Finally, international financial institutions might only agree to fund projects if the underlying contracts contain dispute resolution mechanisms removing such contracts from the jurisdiction of local courts. It may, therefore, also be in the interest of the state or the state entity to include such mechanisms in the concession contract, as otherwise private financing might not be forthcoming.
The preferred dispute resolution mechanism in this context is international arbitration. However, the effectiveness of clauses providing for the submission of disputes to arbitration depends on a number of factors, as explained below. Such factors include, for example, whether or not a state entity has the capacity to enter into arbitration agreements, whether the resulting award can be meaningfully enforced should the state refuse to voluntarily comply, and whether the parties can agree to a neutral arbitration seat.
First, local law may set out certain requirements as to the content of concession contracts. For instance, local law may prohibit certain state entities from consenting to submit disputes arising out of public sector contracts to arbitration or may require that, prior to giving their consent to arbitration, the state entities in question secure the authorisation of the parliament. Another requirement may be that any such arbitration must be seated within the jurisdiction of the state, which would allow for the intervention of local courts in the proceedings (most importantly, at the annulment stage).
Accordingly, a state entity having concluded a contract containing an arbitration clause may well (self-servingly) object to the jurisdiction of the arbitral tribunal, on grounds of lack of capacity. This issue is also referred to as subjective or rationae personae arbitrability.
For example, a dispute arose in relation to a build-operate-transfer (BOT) contract concluded by the Lebanese state with France Télécom, for the creation and exploitation of a GSM network. Difficulties arose during the performance of the contract and ultimately such contract was terminated by the state.
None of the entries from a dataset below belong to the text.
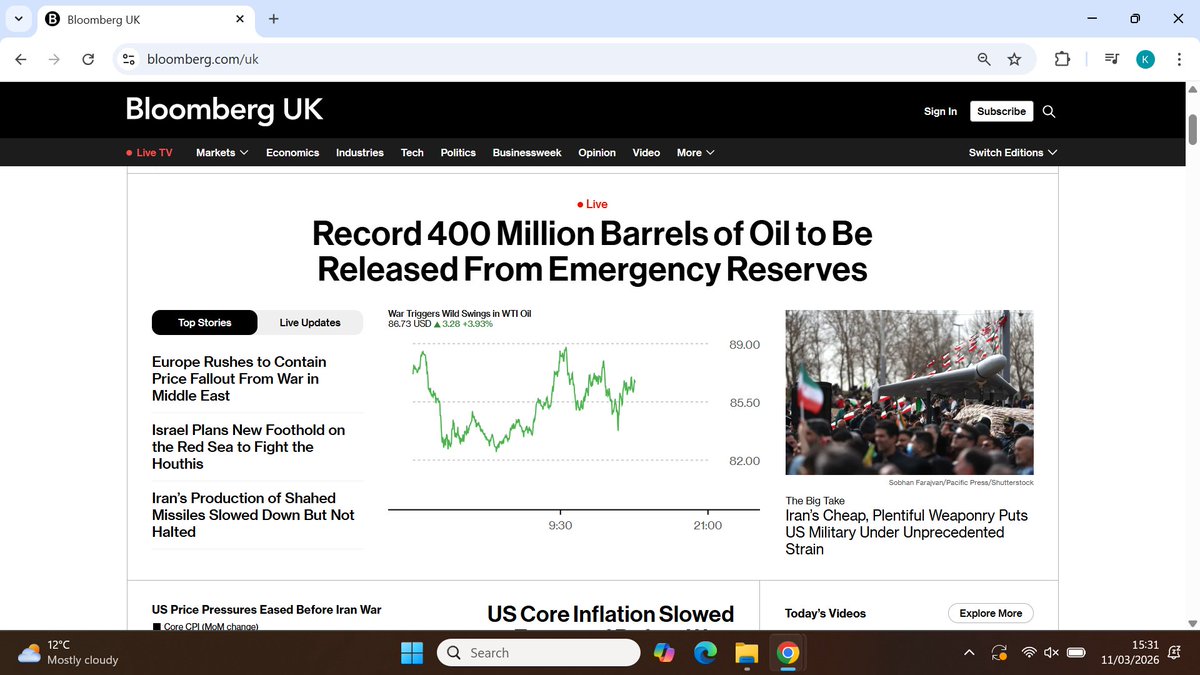 Kavi Pali tweet media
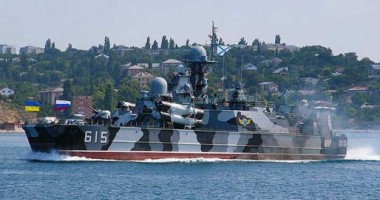 Stire din Actualitate : Bombardiere strategice ruse, atacuri navale în Marea Neagră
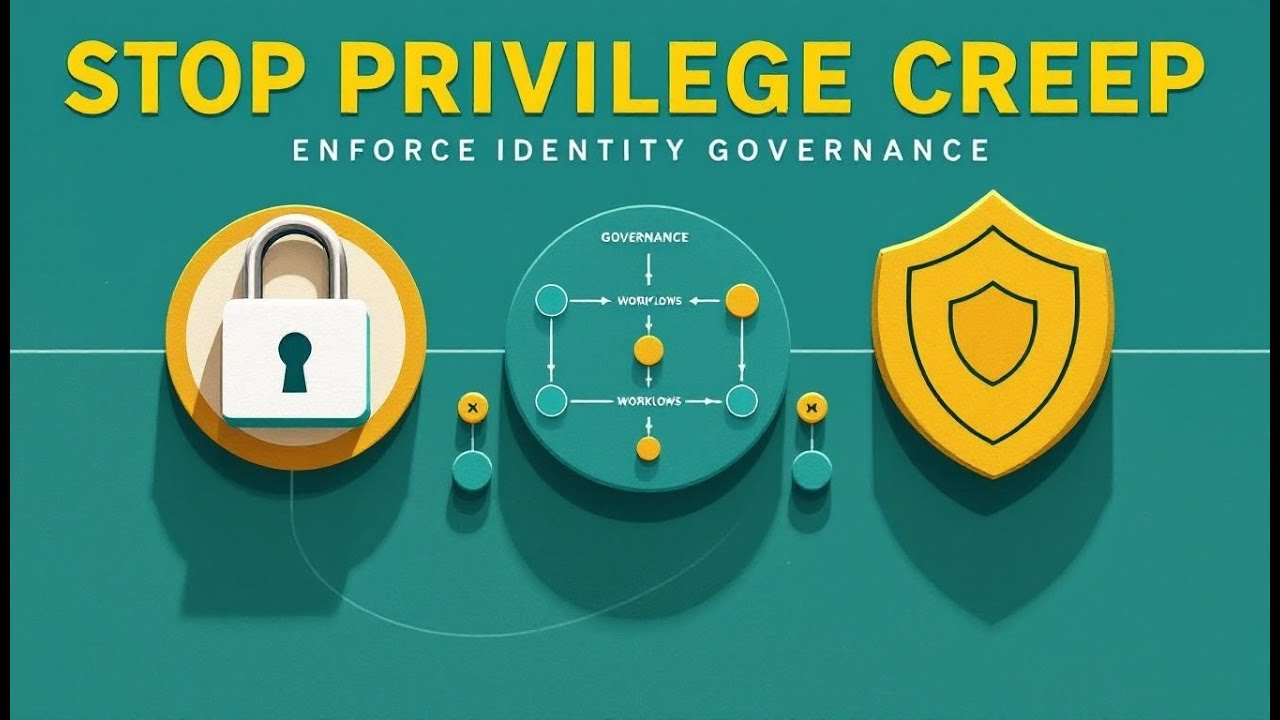 Stop Delegating AI Decision: How Spec Kit Enforces Architectural Intent in Microsoft Entra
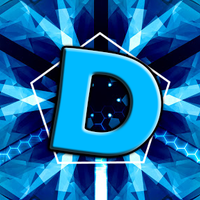 Disznaaj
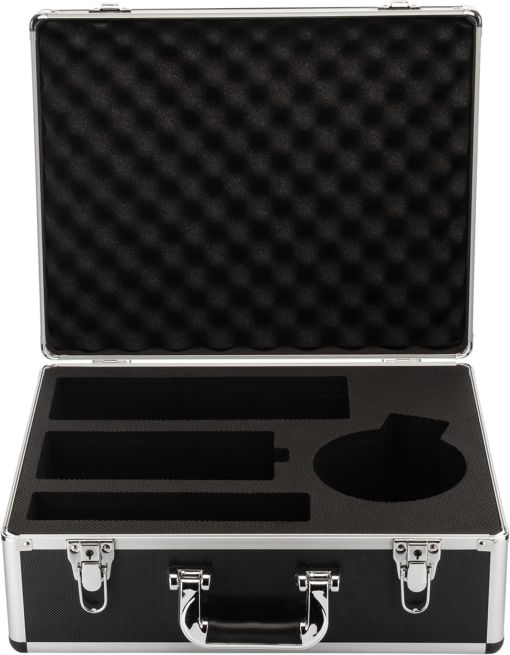 Warm Audio Flight Case-WA-251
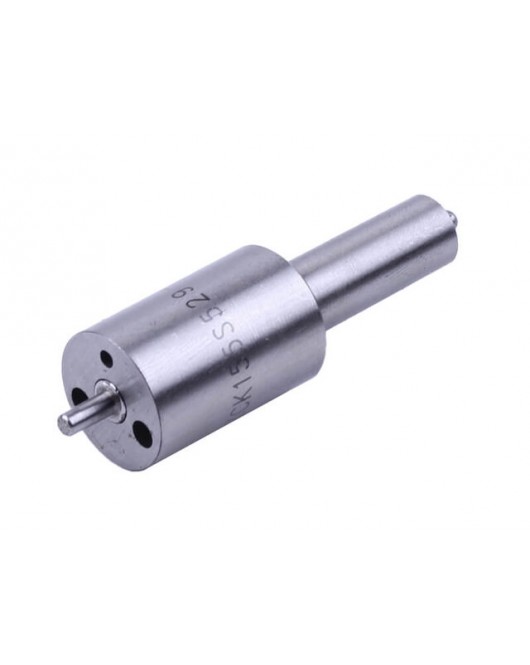 Распылитель форсунки ZCK155S529 - ZS/ZH1100 Распылитель форсунки ZCK155S529 - ZS/ZH1100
The concessionaire initiated an arbitration, seated in Beirut, under the auspices of the ICC, pursuant to the arbitration clause contained in the BOT contract. Subsequently, the Lebanese Ministry of Justice applied to the Lebanese Council of State to have the arbitration clause declared null and void. According to the Council of State, the public law nature of that contract, together with the public policy principle prohibiting recourse to arbitration in respect of such contracts, did indeed render the clause null and void. However, the Council of State also held that the dispute in question could be resolved through investment treaty arbitration, on the basis of the French-Lebanese treaty. Ultimately, the dispute was resolved in an UNCITRAL arbitration, by agreement of the parties.
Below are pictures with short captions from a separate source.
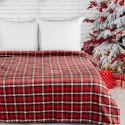 SW/K/BLISS 150X200 (SCARLET) SW/K/BLISS 150X200 (SCARLET)
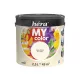 Héra My Color beltéri falfesték 2,5l Melange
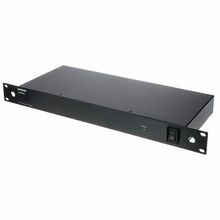 Shure GLXD Frequency Manager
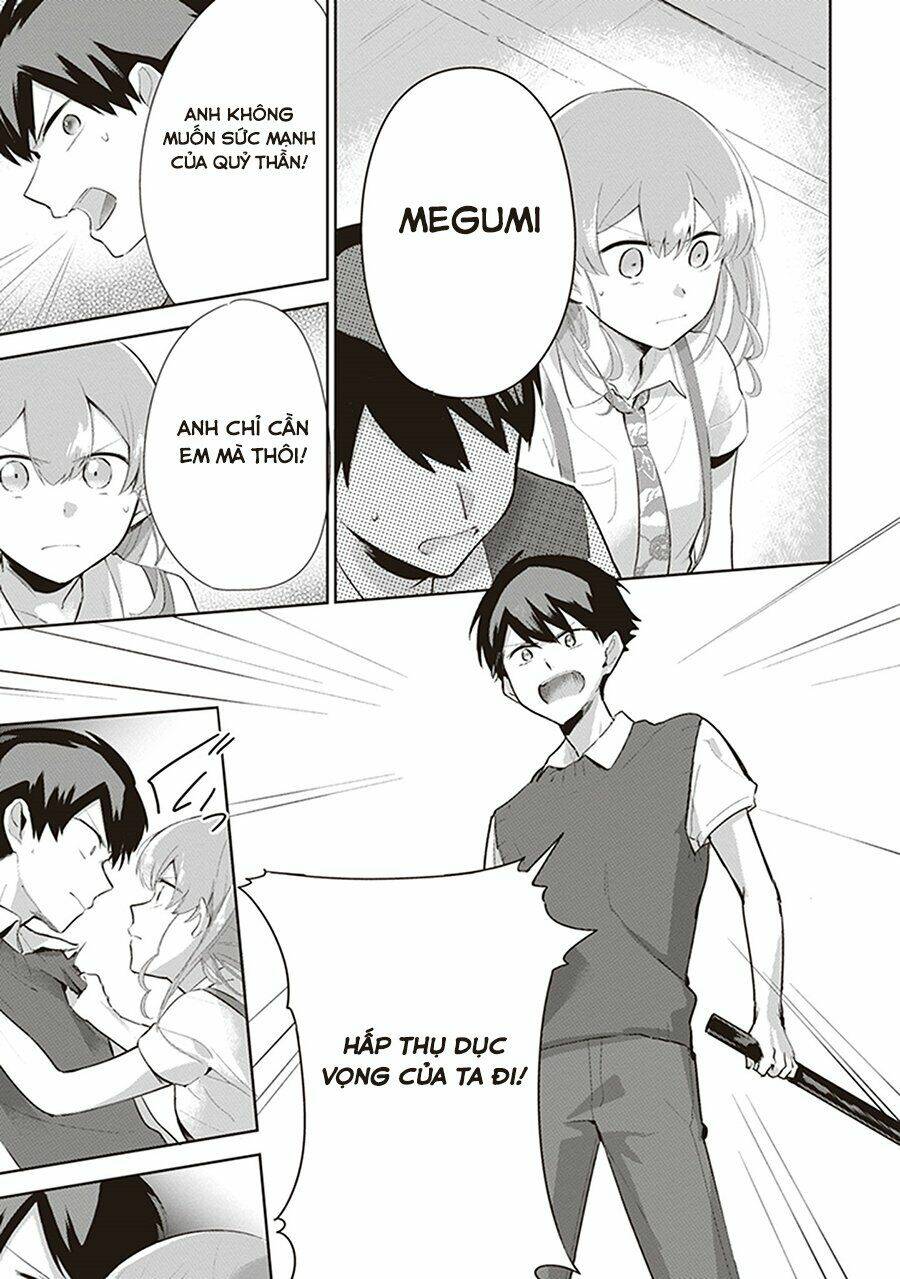 Oni Futatsu: Chapter 12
If, however, the arbitration is seated in a jurisdiction different from that of the conceding entity or state, such jurisdictional objections should be dismissed pursuant to the principle of international law according to which a state cannot rely on its national law to escape its obligations arising from an arbitration agreement in an international contract. However, there is some debate as to whether this is indeed an absolute principle of international law or something rather more flexible, akin to a corollary of the principle of good faith or to international public policy. For example, following the suggestion of some commentators, such a jurisdictional objection by the state entity could, and should, be upheld if the private contractor knew or should have known about the limitations governing that entity's capacity to conclude an arbitration agreement. In this way, the private entity's (intentionally) negligent conduct would be sanctioned, and not overlooked.
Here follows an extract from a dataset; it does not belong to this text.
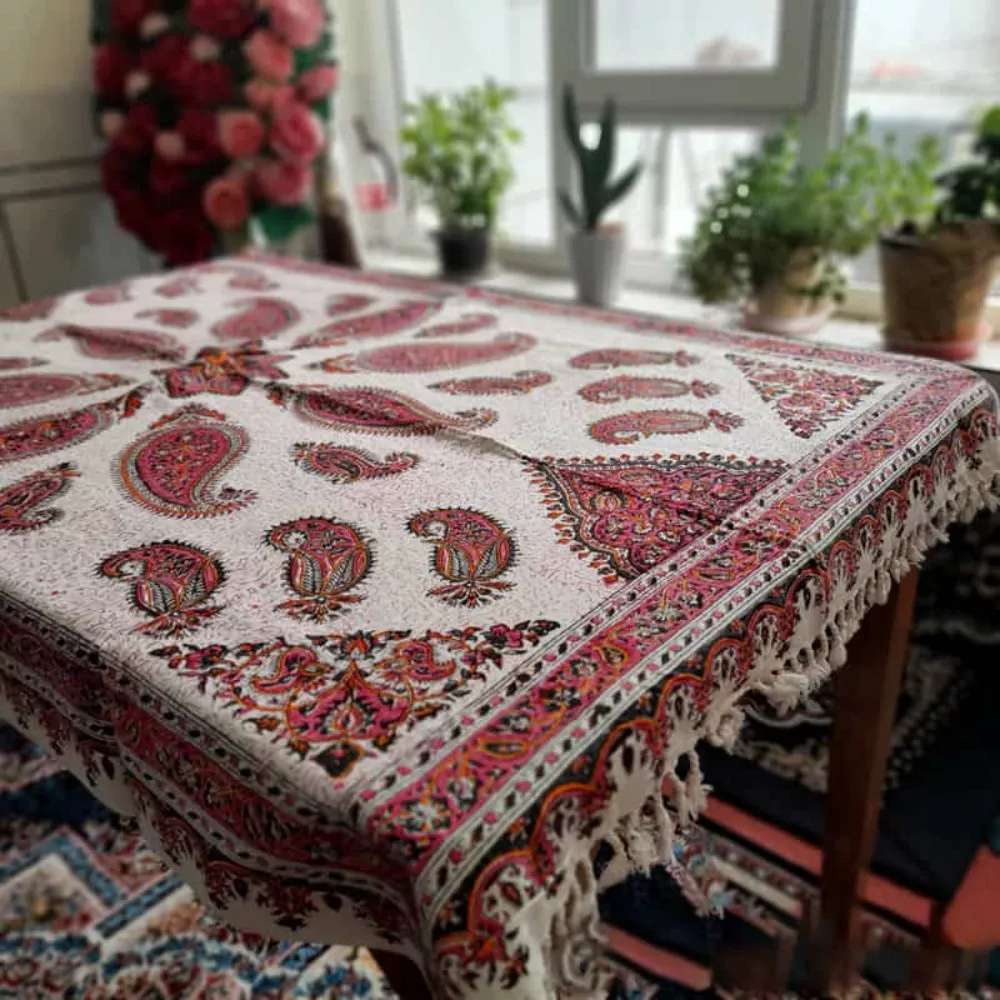گالری سنتی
A state entity may also raise jurisdictional objections regarding the arbitrability of a dispute (also referred to as objective, or rationae materiae arbitrability). As ‘the law applicable at the seat of the arbitral tribunal is the law which, in general, determines whether the subject matter of the agreement is arbitrable or not,' the seat of the arbitration is particularly relevant and should be neutral (i.e., not located within the jurisdiction of the conceding entity). Indeed, in certain jurisdictions, termination through caducidad of a concession contract is deemed not arbitrable.
At the outset, prior to the conclusion of a concession contract with a state entity, it would be advisable for the private party to seek legal advice as to the capacity of that state entity to enter into arbitration agreements. If possible, the private party should also press for a neutral seat of arbitration. Absent such capacity, the private contractor should request that the state entity remedy this problem, if necessary by securing the relevant authorisations, or that the concession contract be concluded with another, duly authorised entity.
Second, local law may require that the state and state entities only enter into concession agreements with locally incorporated companies, traditionally so that the conceding entity may have a party against whom to act locally, if necessary. Such companies may be mere shells, set up solely for the purposes of concluding the contract, once the bidder has successfully participated in the tender. In fact, the sole asset of the local entity will often be the concession itself.
This requirement may backfire on the conceding entity, in the event of a default of the local company, as the conceding entity will face the prospect of starting an action against an impecunious party. It would be advisable, in order to avoid such a situation, for the conceding entity to seek to obtain suitable performance and other guarantees from the mother company or another affiliate.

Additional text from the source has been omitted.